American Scientist: What resolution have you achieved so far?
Huber: Presently the solutions are in the order of one to four cubic meters. They naturally grow larger as you get away from the building surfaces. We like to have at least 10 volumes across streets, what we call street canyons. That gives enough resolution to capture the main flow features.
American Scientist: How do the visualizations allow you to judge the accuracy of the models?
Huber: Without visualization, I have just a large mass of incomprehensible numbers. I could pick out a few. But that doesn’t show me what’s going on in these complex environments where there are no two points with the same solution.
Having the ability to visualize, I can identify flow behaviors that appear unrealistic. That’s important to capture. In some cases there are real field measurements out there, but in a few isolated points. You want to see patterns around those points.
American Scientist: What are potential applications for these models?
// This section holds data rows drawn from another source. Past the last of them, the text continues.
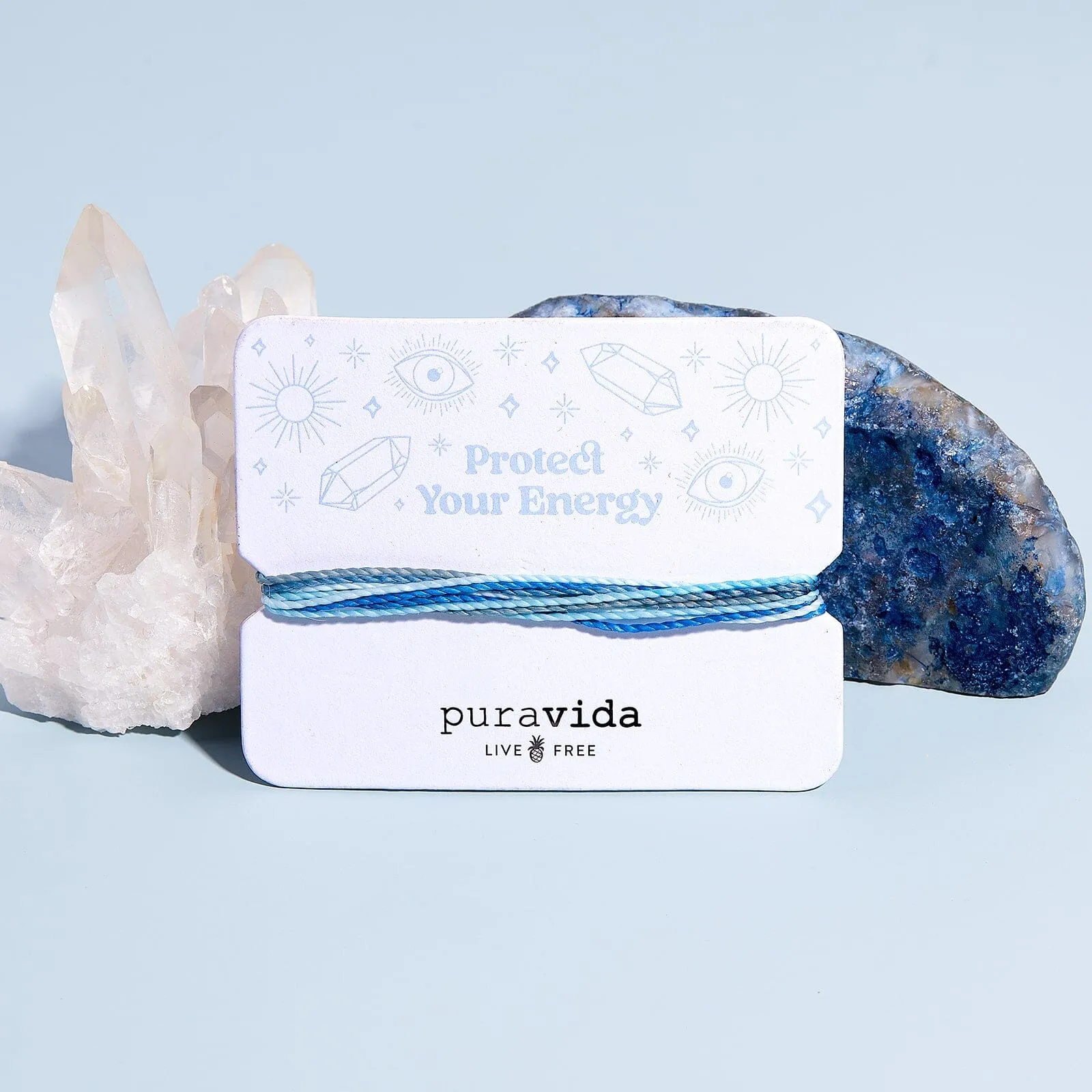 Protect your Energy Bracelet Card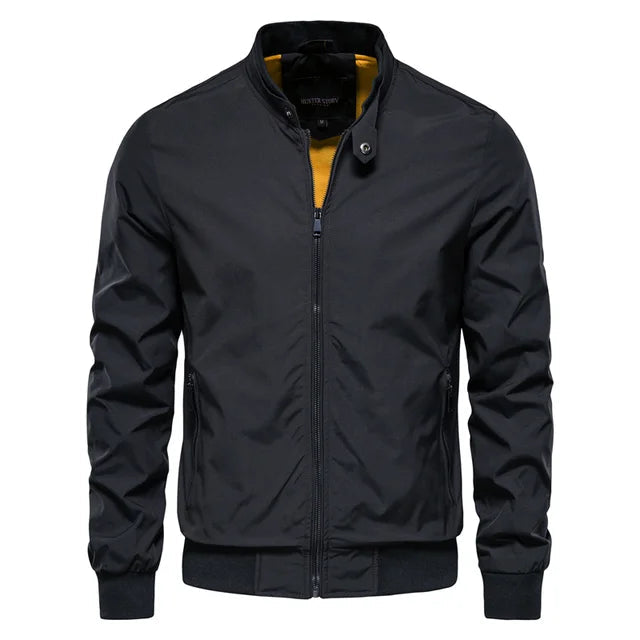 Hugo Men's Casual Windbreaker | Lightweight Summer Jacket 0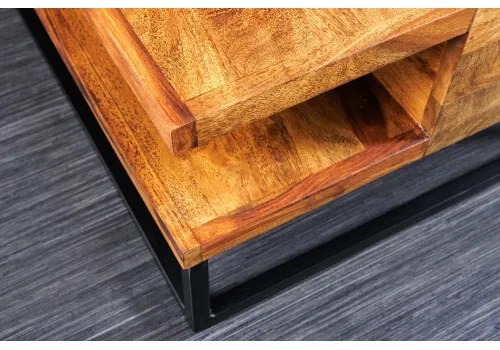 Konferenčný stôl Giant 43750 60x60cm Drevo Palisander - Komfort-nábytok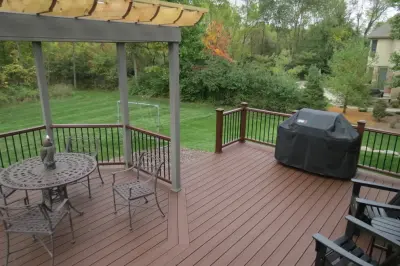 Ann Arbor Decks built by JMJ Residential - Carpentry & Woodworking in Ann Arbor, MI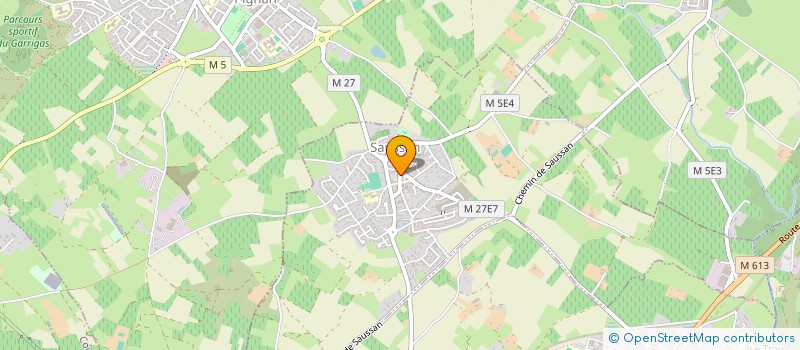 localisation de l'entreprise SCI LOCATION LES JONCASSES  SAUSSAN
Huber: Pollution or other harmful substances can be transported by winds, so tracing them is one application. Also, those winds produce forces on building surfaces. If people locate solar panels or wind turbines on buildings, understanding interactions with the wind is very important. This could be helpful in many scenarios where winds are part of a solution, say when an urban planner is designing a new city or adding a new building. They can ask: How does this affect the pattern of winds?
American Scientist: What would you like, one day, to add to the models?
Huber: Presently I simulate the wind. That produces solutions with gigabytes of information. I would like to add additional environmental variables such as solar heat. I’d like to add air chemistry. When you have a mixture of chemicals in an environment such as Manhattan, you have chemical reactions going on. That can change some things. I’d like to consider the thermal impact from the shadowing of different buildings. And I’d like to achieve finer resolution. Adding chemistry and solar energy to the wind may require some finer scales to simulate correctly. But every time you add variability, it takes more computing capacity. Fortunately, with today’s advanced hardware and software, we can begin to tackle this. Also, fortunately, buildings don’t fly and crash. The fine accuracy of my solutions doesn’t have to be the same as those capturing air flow over an airfoil.